Cohen and Dorris pushed the need to switch to more renewable energy by citing the damages of human-emitted greenhouse gases and environmental impacts on climate change. In response to questions about appealing to climate change deniers, Cohen and Dorris stated that, climate change aside, shifting reliance to renewable energy is still more economically and medically advantageous. They also addressed concerns about major job losses within nonrenewable energy companies by saying that 32,000 jobs in solar and wind would be available by 2030 to compensate any loss.

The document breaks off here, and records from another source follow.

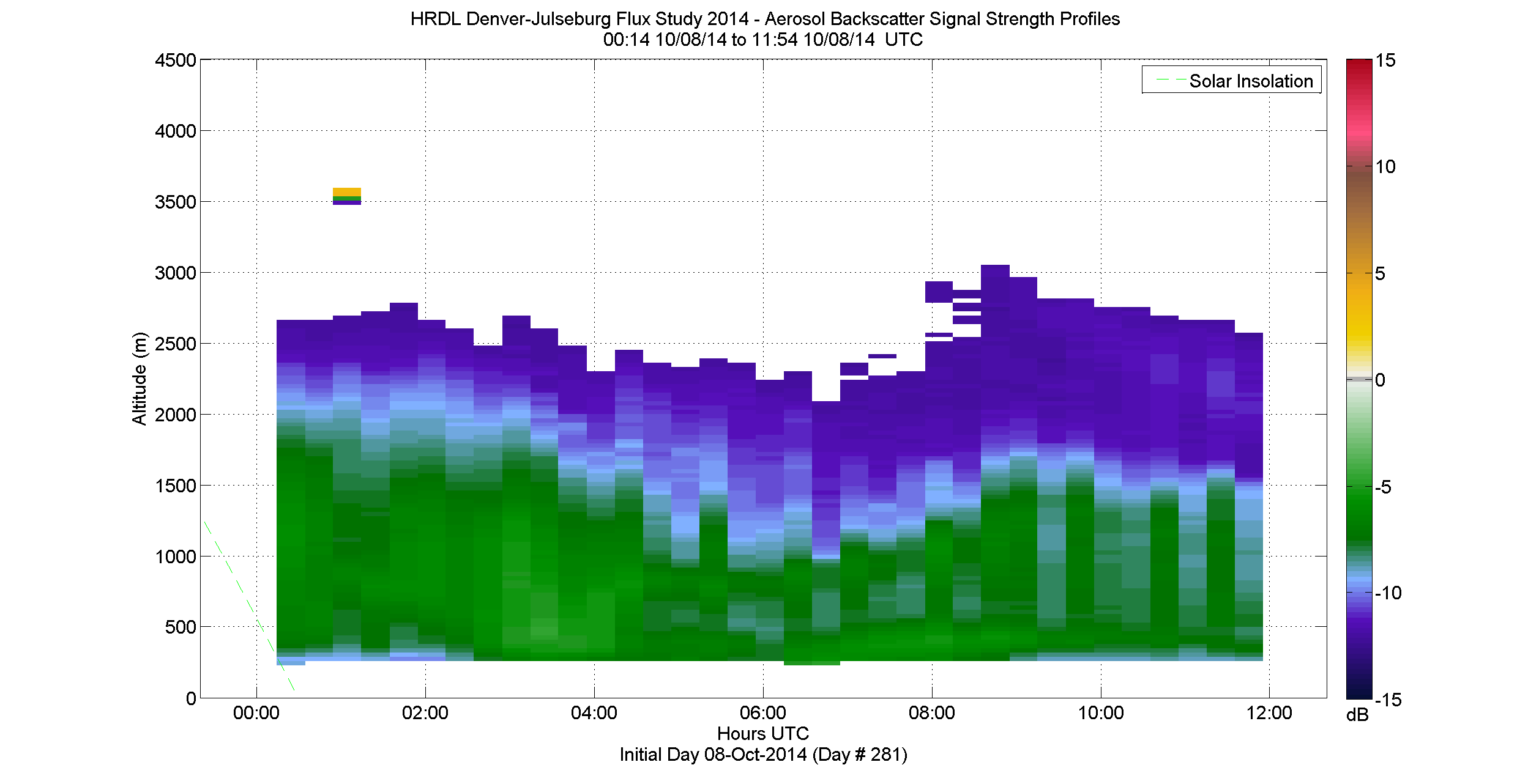 HRDL vertical intensity profile - October 8 am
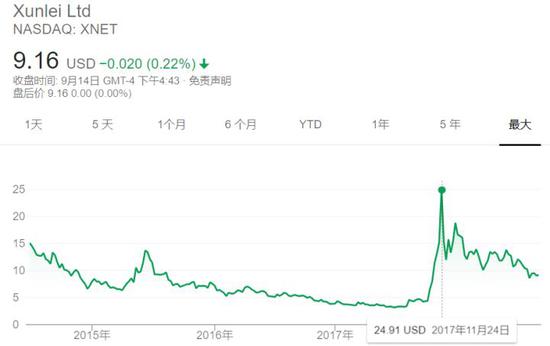 迅雷还有前景吗,迅雷危险吗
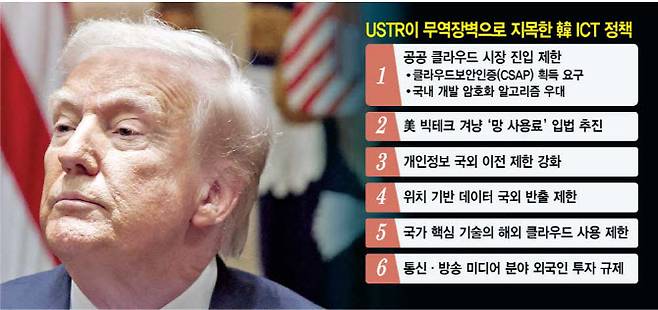 [이데일리 김정훈 기자]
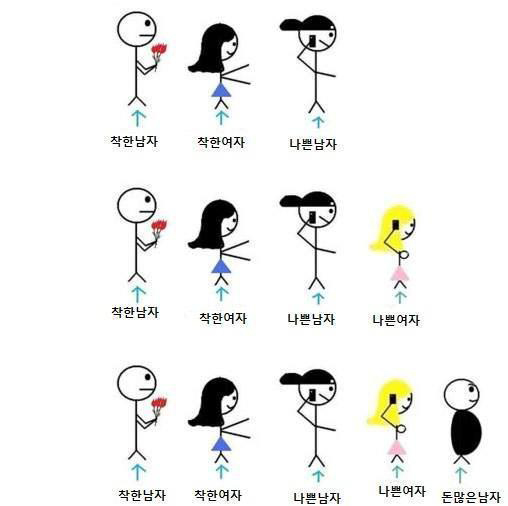 착한 남자가 인기 없는 이유 ㄷㄷ 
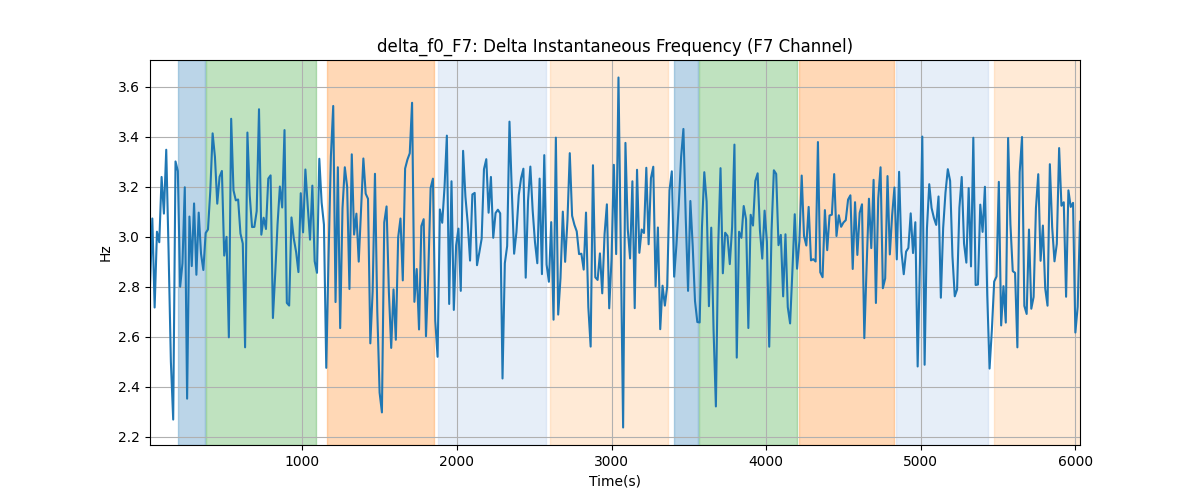 delta_f0_F7: Delta Instantaneous Frequency (F7 Channel)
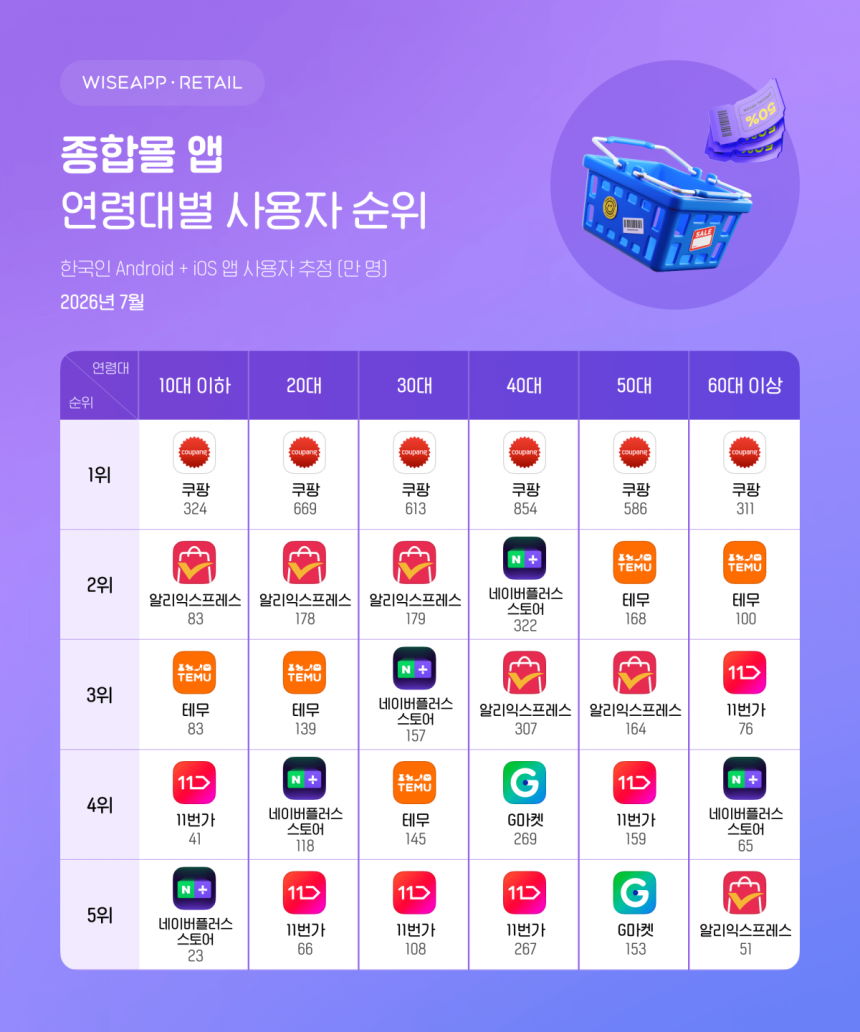 종합몰 연령대별 사용자 순위(출처 : 와이즈앱·리테일 제공)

In light of the state’s obligation, under the Massachusetts Global Warming Solutions Act (GWSA) to reduce carbon emissions by 80 percent by 2050, Cohen and Dorris asserted that this bill was exactly the kind of infrastructure needed to meet that mandated goal.

Ellery Riccio ’19 and Samantha Greenberg ’18 presented on H.2172/S.1048, titled, “An Act to Establish a Paid Family and Medical Leave Insurance Program.” Although the Family and Medical Leave Act (FMLA) is already in place on a federal level, Riccio and Greenberg say this new bill is necessary because it includes grandparents, cousins and same-sex couples within the definition of “family.” This bill also guarantees that an employee will return to the same job and receive the same pay after they take leave—a condition the FMLA does not include.

In response to questions about whether the broadened definition of “family” could lead to abusing that privilege and overextending benefits to non-family members, Riccio and Greenberg replied that no incidents of abuse have been noted in the five states that have already implemented this bill. They mentioned other benefits of the bill such as reduced infant mortality and increased company loyalty and productivity.

Kayla Kurland-Davis ’20 and Victoria Fils-Aime ’20 lobbied for S.2203, titled, “An Act Relative to Sexual Violence in Higher Education.” They specifically brought attention to how this bill could impact the Brandeis campus by raising more awareness and increasing utilization of the resources available in the event of sexual violence. Kurland-Davis and Fils-Aime questioned whether the blue light emergency phones located throughout campus are actually used and whether they are seen as a viable resource for students.

The pair affirmed that this new bill would demand transparency from universities by requiring them to make their reports and statistics regarding sexual violence on campus open to the public. The students also pointed to the inclusivity of the bill in recognizing that men, trans and nonbinary people can also be victims of sexual violence.

Other bills that students presented pertained to topics like safer drug consumption sites, automatically registering eligible voters, access to confidential healthcare and increased access to children’s mental health services in the community.

Amogha Rao ’18, a student in the class, said he was interested in this class because he is minoring in legal studies and wanted to better understand the Massachusetts legislative process.

As a student who aspires to be a lawyer and economic litigator, Rao believes this course, Advocacy for Policy Change, is valuable to Brandeis because it provides students with the opportunity to interact with real life legislators and policy makers. Rao does not think enough students at Brandeis know about this course offering and said that even students who do not study law could enjoy and benefit from taking it.

Professor Melissa Stimell (LGLS), the professor for this course, is the ENACT Academic Program Director. She agreed with Rao, saying she valued the experiential learning component of the class.

Stimell felt that this mock lobbying session really showcased all the experiential knowledge her class had learned. “The students did a superb job,” she said. “I’m so impressed by their understanding of the substantive issue and the actual legislative process.”

ENACT launched in 2015 through the International Center for Ethics, Justice and Public Life.